À chaque élection, il y a toujours au moins une question que les tenants de la participation électorale mettent en épingle pour tenter de convaincre les progressistes de voter pour le «moins pire» et dans ce cas-ci, chasser les conservateurs. Les partisanes et partisans du NPD et du cirque électoral trouvent toujours un prétexte – une question «plus cruciale que les autres» – pour nous inciter à participer au système bourgeois. Il est possible qu’un enjeu s’avère en effet de toute première importance; seulement, l’objectif poursuivi par ces gens-là n’est pas tant de s’y attaquer que de justifier la dérive droitière du NPD et de légitimer par la même occasion le système électoral.

Cette fois-ci, la nouvelle loi antiterroriste (l’ex-projet de loi C-51) est sans aucun doute l’un de ces appâts. Cette loi a été conçue pour donner encore plus de latitude à l’État en matière de surveillance et de répression. Concrètement, elle: i) confère au gouvernement des possibilités de surveillance élargies, en permettant notamment le partage d’informations personnelles sur la seule suspicion qu’il pourrait y avoir menace à la sécurité du Canada (le simple fait d’être un militant ou une militante anticapitaliste sera vraisemblablement suffisant pour se voir soumis à une telle surveillance); ii) ajoute au Code criminel une disposition qui criminalise tout ce qui pourrait être considéré comme de la «propagande terroriste»; iii) élargit les pouvoirs du SCRS pour contrôler et réprimer les citoyennes et citoyens canadiens; iv) crée une nouvelle Loi sur la sûreté des déplacements aériens qui augmentera les contrôles exercés dans les aéroports et par les compagnies aériennes; et v) resserre encore plus la Loi sur l’immigration et la protection des réfugiés.

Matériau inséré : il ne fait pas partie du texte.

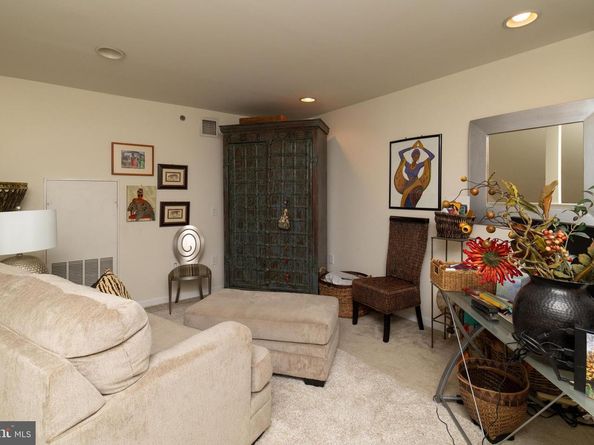 506 Carson Terrace, Huntingdon Valley PA 19006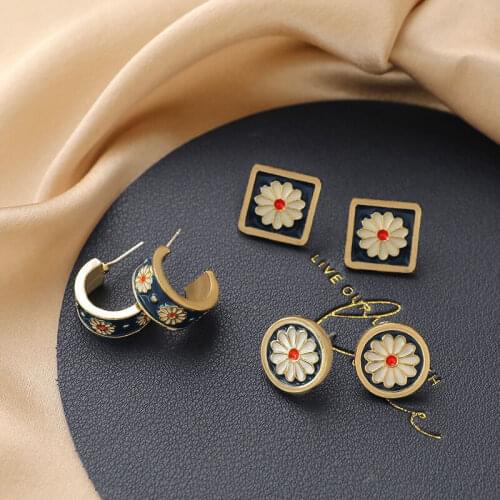2021 New French Style Daisy Earrings Dark Blue Simple Elegant Style Earrings Geometric Earrings Gift Jewelry Wholesale Earrings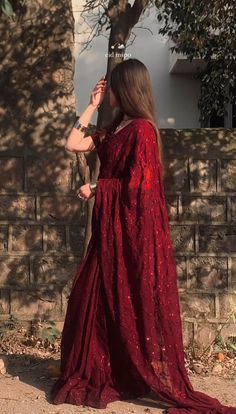 Saree Dpz Girl, Girls In Saree Aesthetic, Saree Picture Ideas, Girl In Saree Aesthetic, Dp Girls Stylish, Saree Pics Poses, Sarees Poses, Aesthetic Saree Look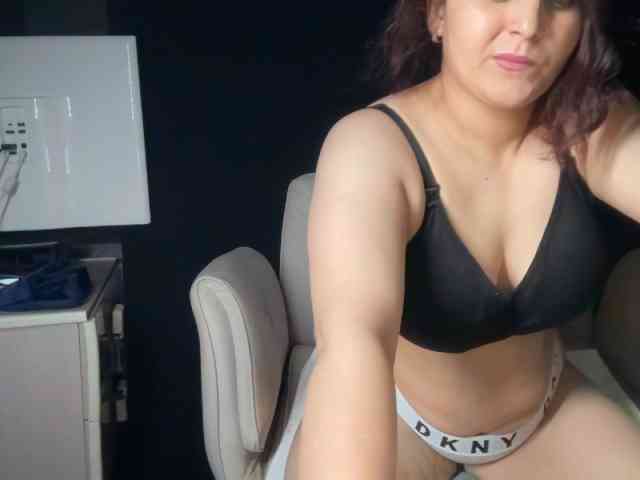ema-love webcam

La loi antiterroriste constitue-t-elle un enjeu tel qu’il justifierait le ralliement de toutes les forces progressistes – incluant même «les noirs et les rouges» – derrière le NPD? Dans un contexte où ce dernier apparaît de plus en plus comme un parti de gouvernement responsable – débordant même les libéraux sur leur droite – et où il utilise justement le spectre du projet de loi C-51 pour s’attirer les faveurs des libéraux déçus de la position adoptée par leur parti, la position du NPD sur la loi antiterroriste pourrait en effet s’avérer cette cause rassembleuse susceptible de cimenter l’alliance entre la base traditionnelle du NPD et sa nouvelle clientèle libérale.

Une loi «vague et inefficace»

Les raisons invoquées par le NPD pour s’opposer au projet de loi C-51 ne sont pas nécessairement les mêmes que celles qui ont amené nombre de progressistes à le dénoncer. Jusqu’au début du printemps, au moment où les partis se sont placés en mode électoral, le NPD a soufflé le chaud et le froid quant à savoir s’il allait soutenir ou rejeter le projet de loi. Au départ, il a gardé le silence, puis, pour ne pas s’aliéner la faction la plus progressiste de la petite bourgeoisie qui constitue l’épine dorsale de sa base électorale, et sans doute aussi pour tirer profit de la capitulation de Justin Trudeau [1], le NPD s’y est finalement opposé.

Le chef du NPD Thomas Mulcair a toutefois bien pris soin de nuancer son opposition: le projet de loi C-51 était selon lui «vague et inefficace» et ne s’attaquait pas vraiment aux «graves lacunes dans la surveillance». [2] Tout en disant s’y opposer, Mulcair a tenu à préciser que s’il était élu, son parti n’allait pas nécessairement abandonner le projet de loi C-51, mais qu’il allait plutôt tenter de l’amender [3], en s’assurant qu’il soit moins «vague et inefficace».

L’opposition du NPD au projet de loi rejoint ainsi les préoccupations exprimées par les courants plus libéraux, voire libertariens qui l’ont aussi dénoncé. Un groupe de «conservateurs de principe et libertaires» a d’ailleurs adressé une lettre ouverte à Stephen Harper, qui faisait écho aux critiques de Mulcair; la lettre qualifiait elle aussi le projet de loi «d’imprudent, dangereux et inefficace». [4] Un groupe «d’éminents dirigeants de nombreuses sociétés de technologie canadiennes» a lui aussi publié une lettre ouverte au premier ministre, qui reprenait les mêmes critiques et utilisait les mêmes qualificatifs. [5] Selon ces capitalistes, la loi antiterroriste nuira au commerce extérieur et affaiblira la position de l’impérialisme canadien sur le marché mondial.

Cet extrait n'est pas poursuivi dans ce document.